Re: [RFC] mpam,x86,fs/resctrl: Generic schema description Proof of Concept

From: Drew Fustini

Date: Wed Jun 03 2026 - 15:40:37 EST


On Wed, Jun 03, 2026 at 04:15:51PM +0100, Ben Horgan wrote:
> Hi Reinette,
>
> On 5/29/26 19:06, Reinette Chatre wrote:
> > Hi Everybody,
> >
> > It has been a while since we discussed the resctrl changes required to support
> > hardware that has controls with fine granularity or hardware that has multiple
> > controls per resource. For reference, the most recent email discussion can
> > be found at [1] with a summary of discussions in last year's plumbers slides [2].
> >
> > I created a PoC that I believe supports what folks have agreed to so far. I
> > hope this can help us to restart the discussion with the goal that resctrl gains
> > support for upcoming hardware that require these features.
>
> Thank you very much for doing this work. I believe this will be very useful for
> MPAM and other architectures.

Yes, thanks to Reinette for working on the generic schema proof of
concept.

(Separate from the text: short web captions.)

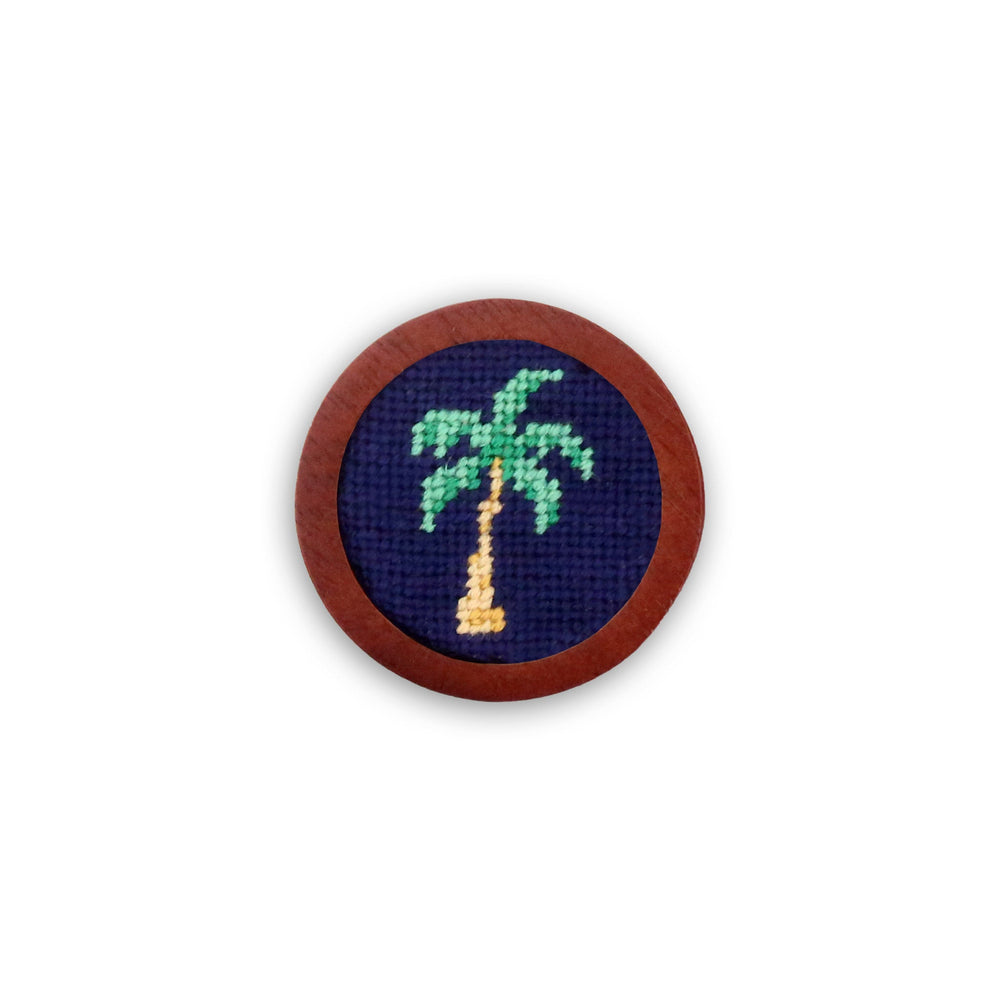 Smathers and Branson Palm Tree Dark Navy Needlepoint Golf Ball Marker  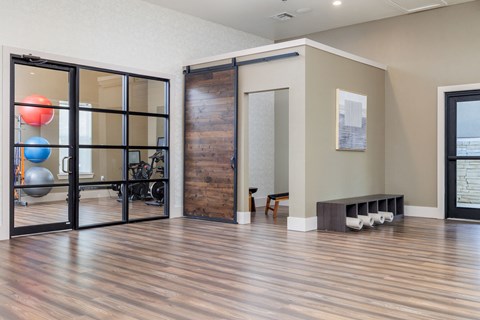 Yoga room with private meditation room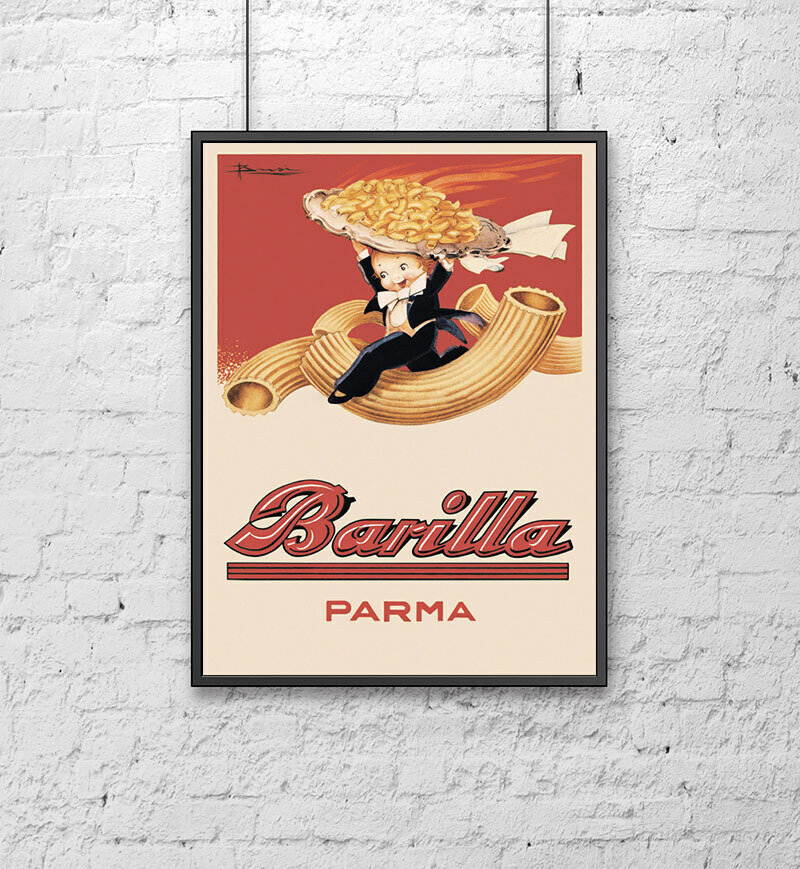 Винтажный дизайнерский постер для интерьера на стену (30х40 см). Ретро реклама Barilla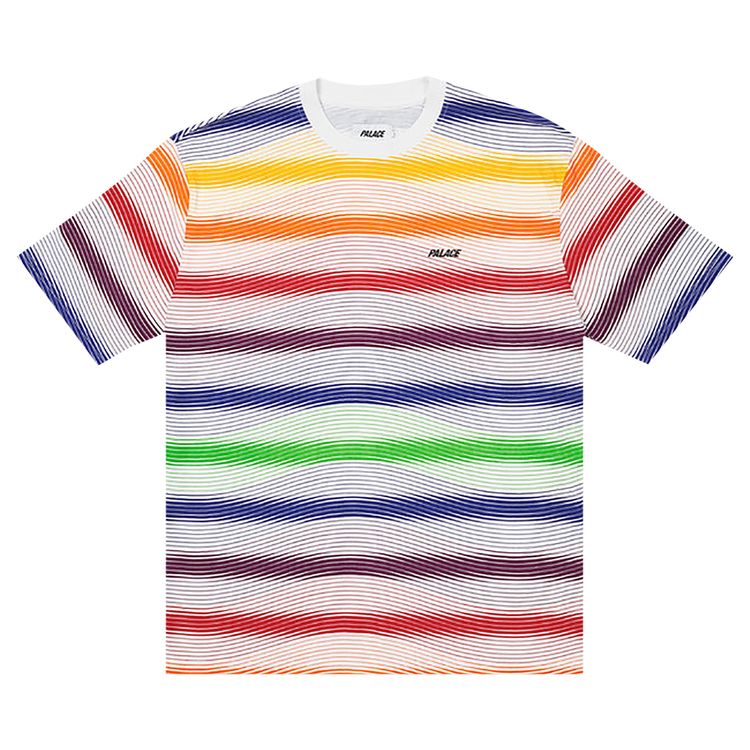 Palace Wavey Stripe T Shirt White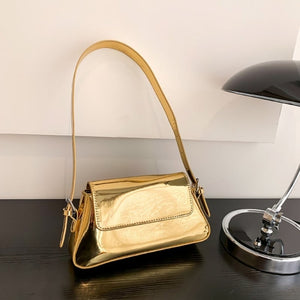 NEW0305 Gouden Verstelbare Metallic Schoudertas
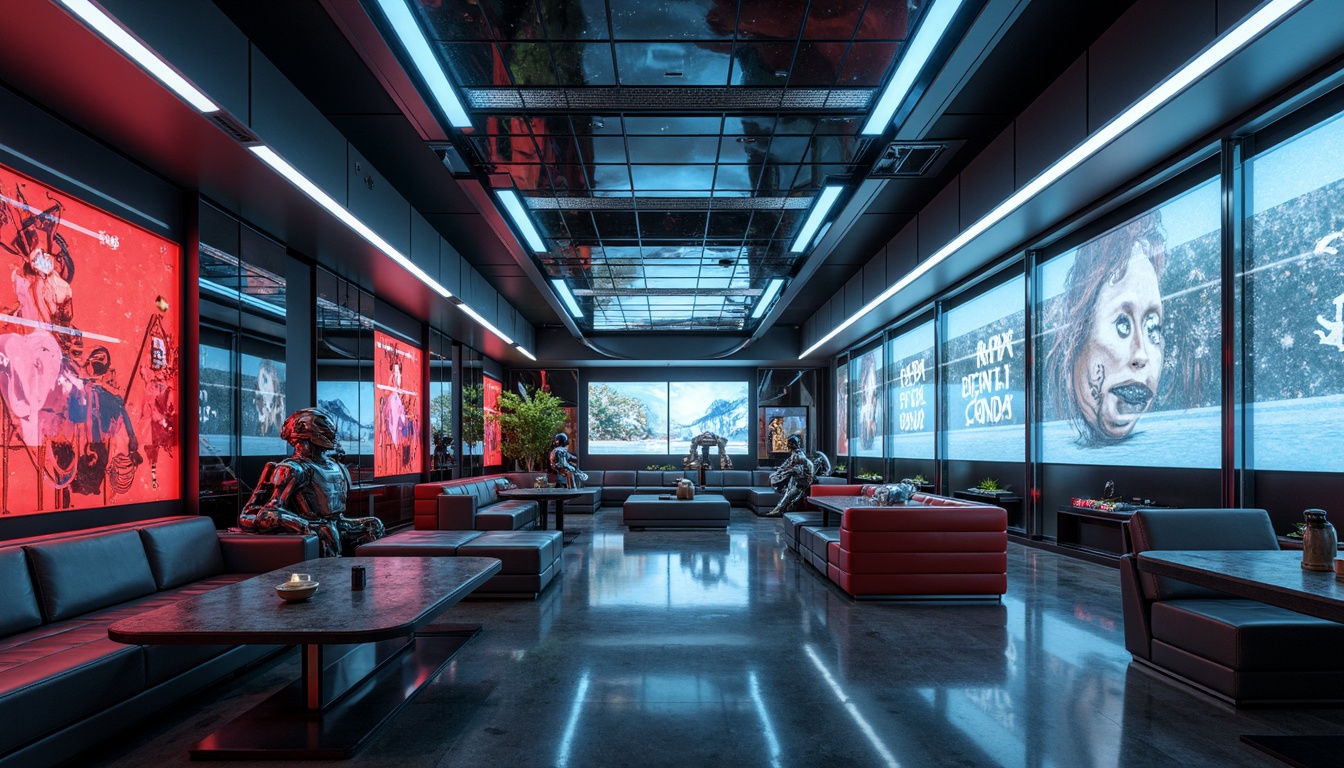 Prompt: Futuristic interior, metallic surfaces, neon-lit accents, iridescent glass panels, holographic displays, sleek carbon fiber furniture, high-gloss finishes, LED lighting strips, translucent acrylic walls, minimalist decor, avant-garde sculptures, futuristic gadgets, virtual reality interfaces, cyberpunk-inspired color schemes, dark ambient lighting, shallow depth of field, 1/1 composition, cinematic camera angles, realistic reflections, advanced material textures.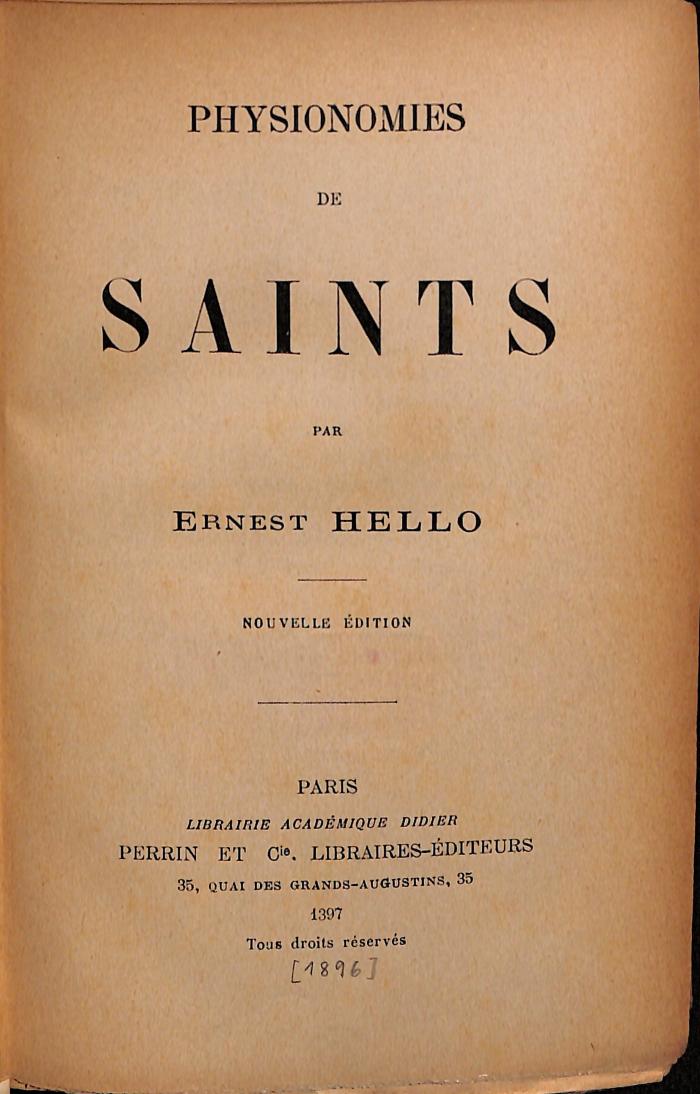OUHG1006 : Physionomies de Saints (1896)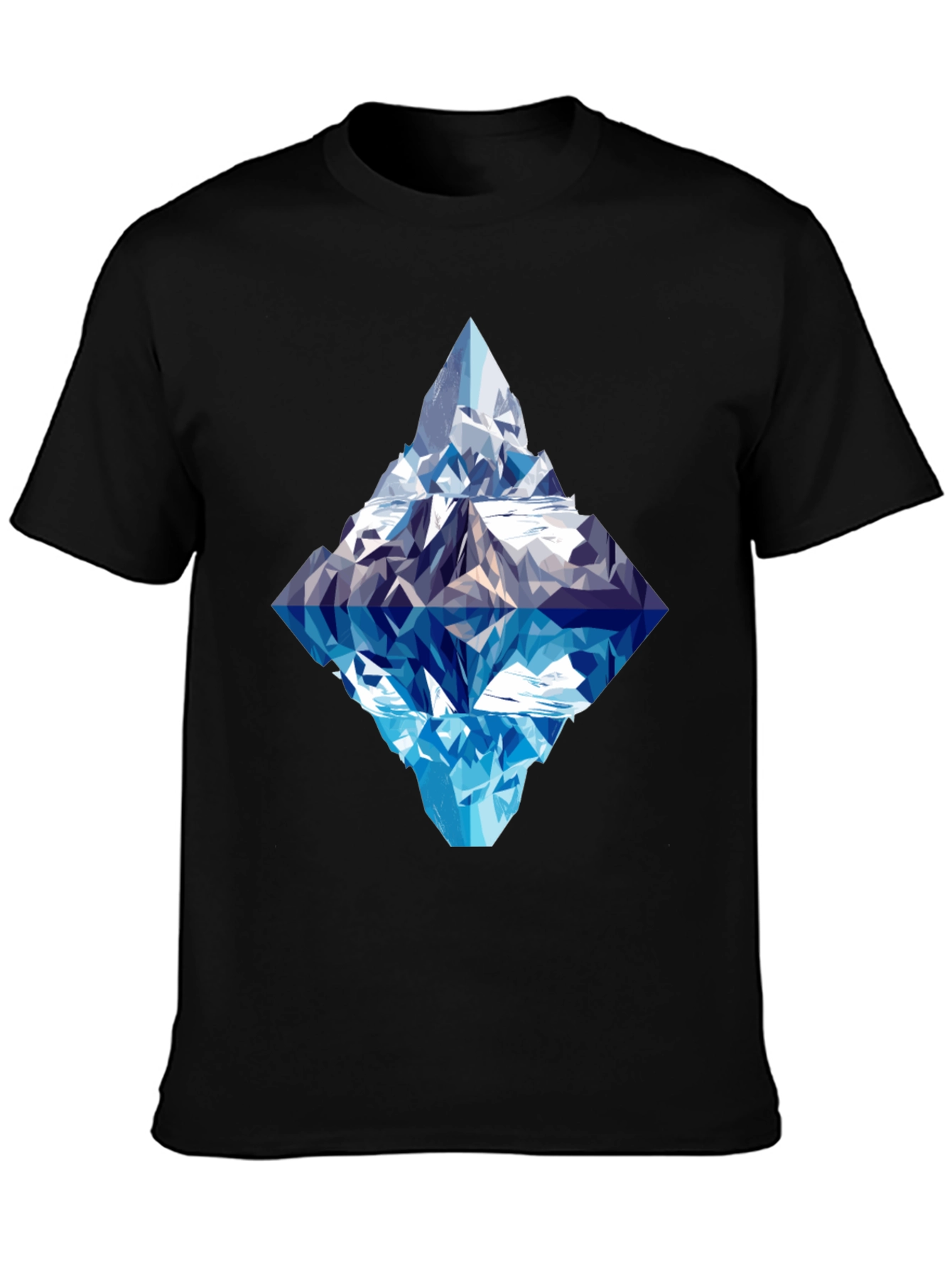 Geometric Iceberg Graphic Tee - Black Cotton Comfort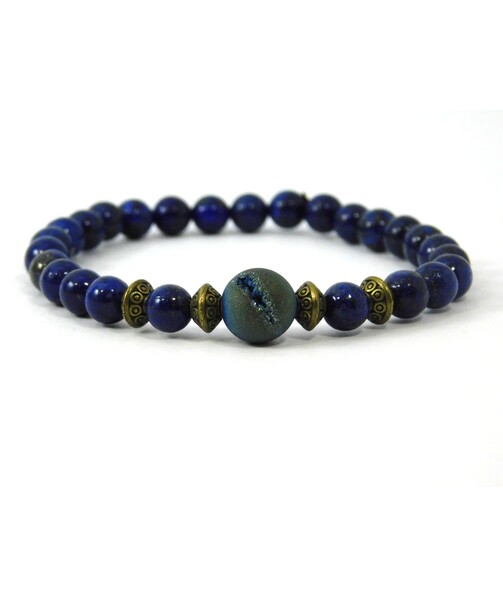 Agate druse bracelet, lapis lazuli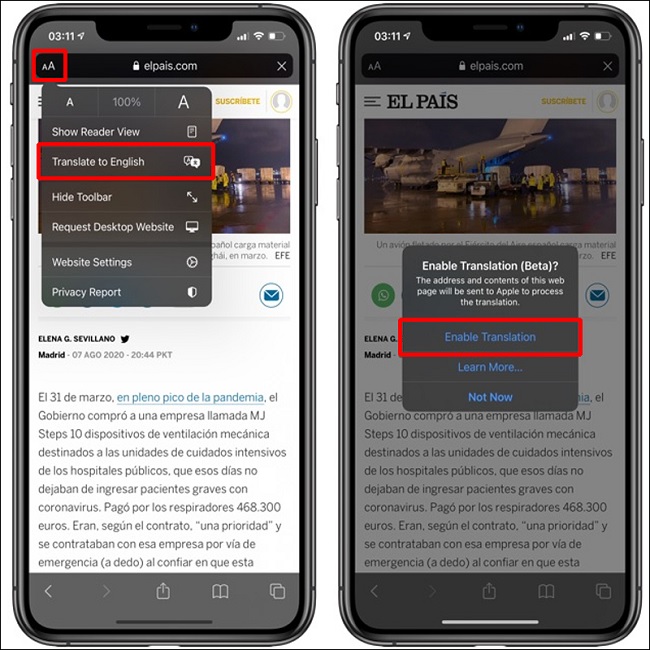 Tiện lợi hơn với việc dịch trực tiếp trên Safari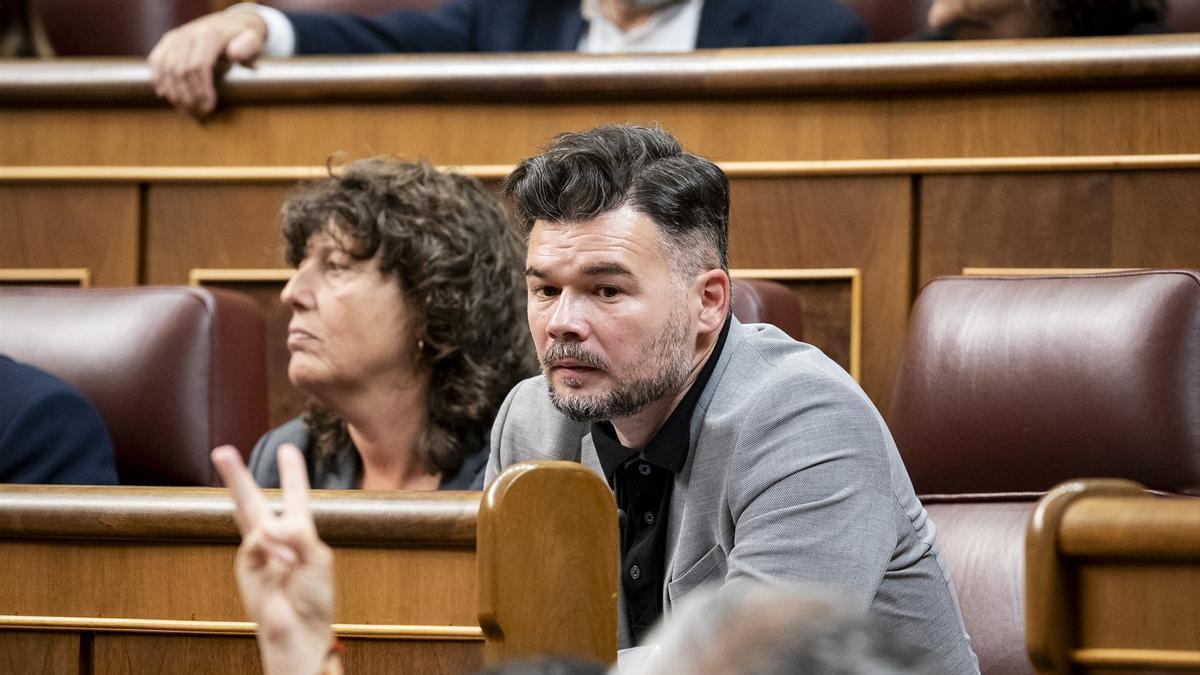 El portavoz de ERC en el Congreso de los Diputados, Gabriel Rufián, en el Parlamento.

This will be helpful for supporting the RISC-V CBQRI (capacity
and bandwidth QoS) spec.

> I plumbed in support for the MB_MIN resource schema which also works under light
> testing. The only fs resctrl code change I needed was:
>
> --- a/include/linux/resctrl.h
> +++ b/include/linux/resctrl.h
> @@ -483,6 +483,9 @@ static inline u32 resctrl_get_default_ctrlval(struct
> resctrl_ctrl *ctrl)
> case RESCTRL_CTRL_BITMAP:
> return BIT_MASK(ctrl->cache.cbm_len) - 1;
> case RESCTRL_CTRL_SCALAR:
> + if (ctrl->name == RESCTRL_CTRL_NAME_MIN)
> + return ctrl->membw.min_bw;
> +
> return ctrl->membw.max_bw;
> }
>
>
> At least on MPAM systems, we use a default of 0 for minimum bandwidth controls
> as the maximum bandwidth controls only take effect if their value is higher than
> the minimum bandwidth value. I have specialised this on the ctrl->name which
> breaks your ctrl->type based classification but that's fixable by just adding a
> default field to membw.

This should be useful for RISC-V.

RESCTRL_CTRL_NAME_MIN maps well to CBQRI Rbwb (reserved bandwidth
blocks). The sum of Rbwb across all control groups must be less than
MRBWB (maximum number of reserved bandwidth blocks). As a result, MB_MIN
needs to default to 1 so that the sum does not violate that rule. In my
RFC series, I added default_to_min to resctrl_membw [1] but this
solution looks cleaner.

> > - No support for "read-modify-write" usage of schemata file. This is where we
> > discussed (without agreement) on possibly introducing the "#" prefix to schemata
> > file entries. This PoC does not support this prefix and the current assumption/expectation
> > is that when user space changes a configuration only the new control values are
> > written to schemata file. I thus do not have a plan to support this so please
> > share opinions in this regard if you have some.
>
> There is now less motivation from the MPAM side for this than when this was
> initially discussed. In pre-upstream versions of the MPAM patches a change in
> the MB resource control value would change both the mpam h/w mbw_min and mbw_max
> values but now (on non-broken h/w) we just change the mbw_max. (mbw_min kept at 0).
>
> However, it would be useful not to be limited by percentages. In my quick
> experimentation with your patches I used a percentage value for MB_MIN but it
> would be best to move away from this. For new controls I think we can mandate
> that user space has to discover the resolution from the info directly but how
> can we retrofit this. For MPAM, MB and MB_MAX, would control the same things.
> Could we just add MB_MAX with a h/w friendly scale and then reflect changes in
> MB_MAX in MB and vica versa with MB taking precedent if both are set? Old
> software can continue setting MB can move to using MB_MAX and take advantage of
> the improved control. (I don't think we should expose the MPAM hardware value
> directly as it has confusion over whether all 1s is 100% or not and we'd like to
> have something generic and friendly to the user.)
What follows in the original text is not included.